■ INFORMATION SHOWN:

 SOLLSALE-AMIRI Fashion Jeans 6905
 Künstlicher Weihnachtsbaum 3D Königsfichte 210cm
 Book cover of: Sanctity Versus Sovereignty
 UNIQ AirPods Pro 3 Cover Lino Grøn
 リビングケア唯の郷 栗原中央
--
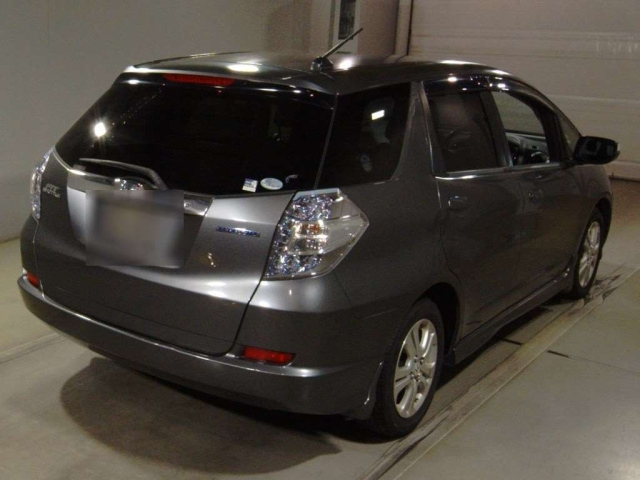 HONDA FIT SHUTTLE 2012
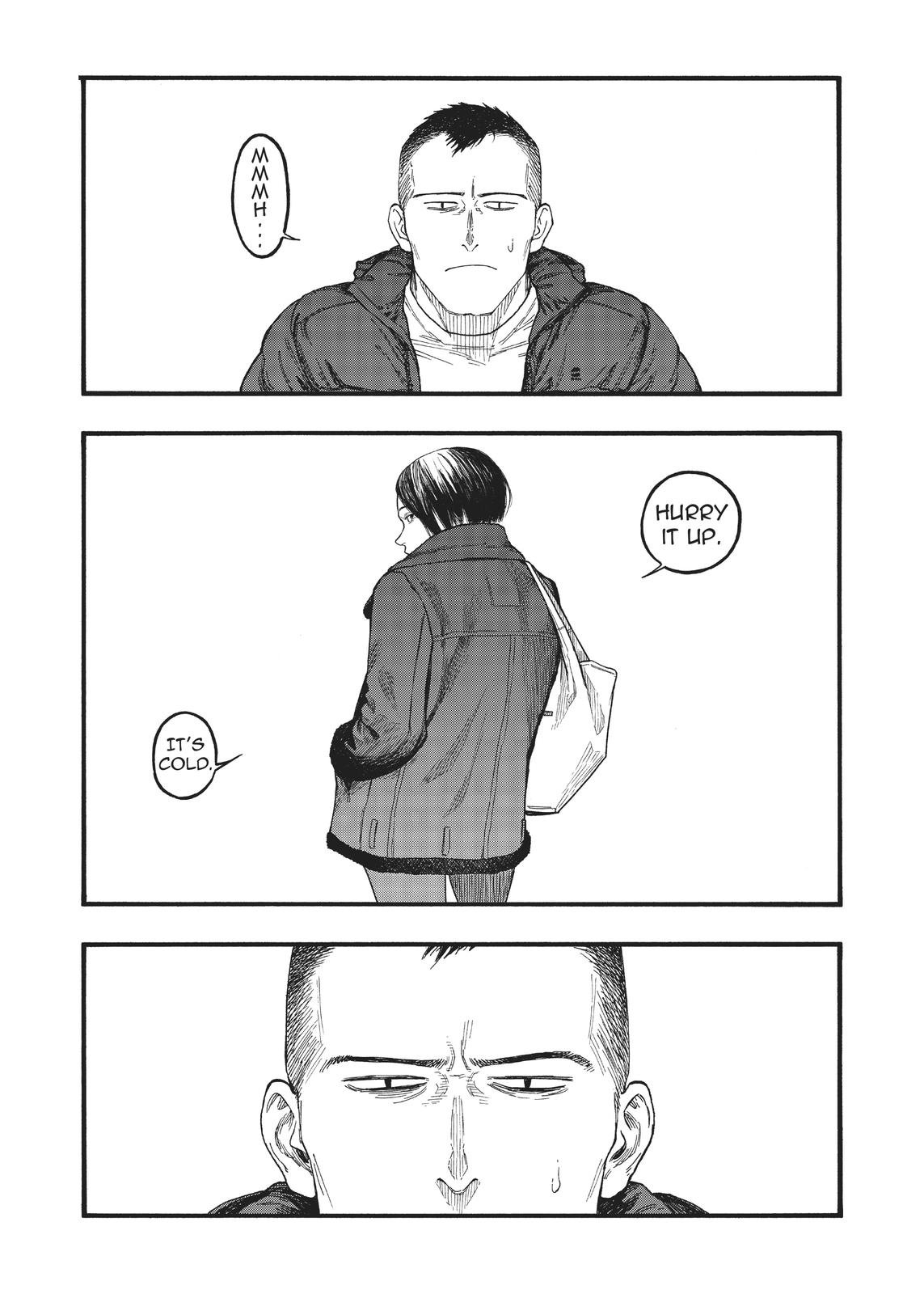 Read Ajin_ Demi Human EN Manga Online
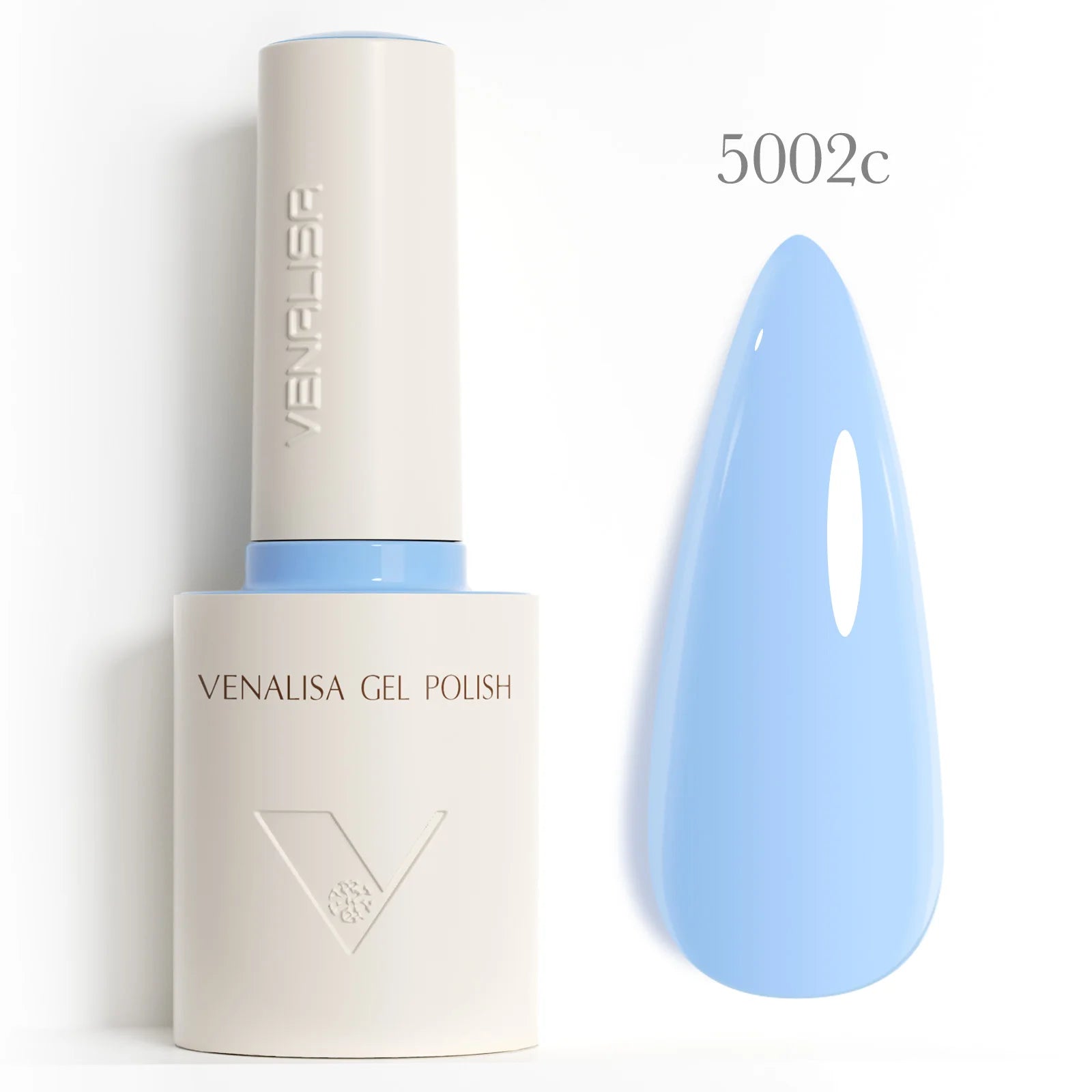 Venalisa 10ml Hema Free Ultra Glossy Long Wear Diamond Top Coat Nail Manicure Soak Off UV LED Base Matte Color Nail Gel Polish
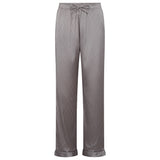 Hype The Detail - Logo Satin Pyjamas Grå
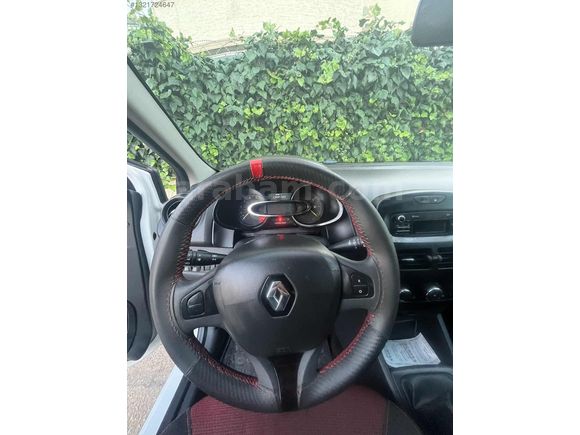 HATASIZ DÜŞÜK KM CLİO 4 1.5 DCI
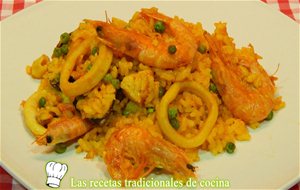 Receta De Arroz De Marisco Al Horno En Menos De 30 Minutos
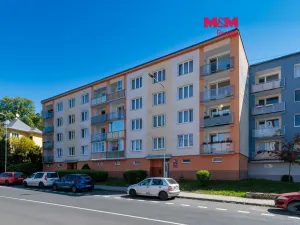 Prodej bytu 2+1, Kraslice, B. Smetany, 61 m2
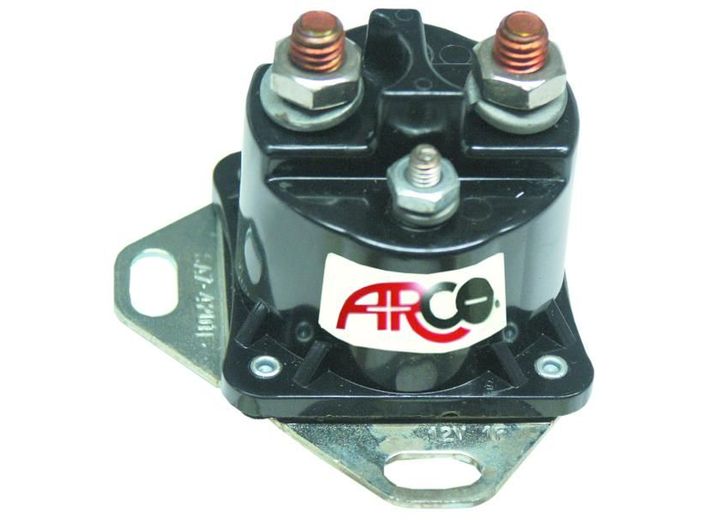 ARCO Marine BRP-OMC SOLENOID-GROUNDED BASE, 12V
---
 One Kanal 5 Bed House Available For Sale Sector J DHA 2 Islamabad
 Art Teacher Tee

■ GOAL OF THE EXERCISE:
Here the output must be the lines above from the line with "Künstlicher Weihnachtsbaum 3D" to the line with "リビングケア唯の郷 栗原中央", both included, duplicated word for word and nothing else.

■ TASK SOLUTION:
 Künstlicher Weihnachtsbaum 3D Königsfichte 210cm
 Book cover of: Sanctity Versus Sovereignty
 UNIQ AirPods Pro 3 Cover Lino Grøn
 リビングケア唯の郷 栗原中央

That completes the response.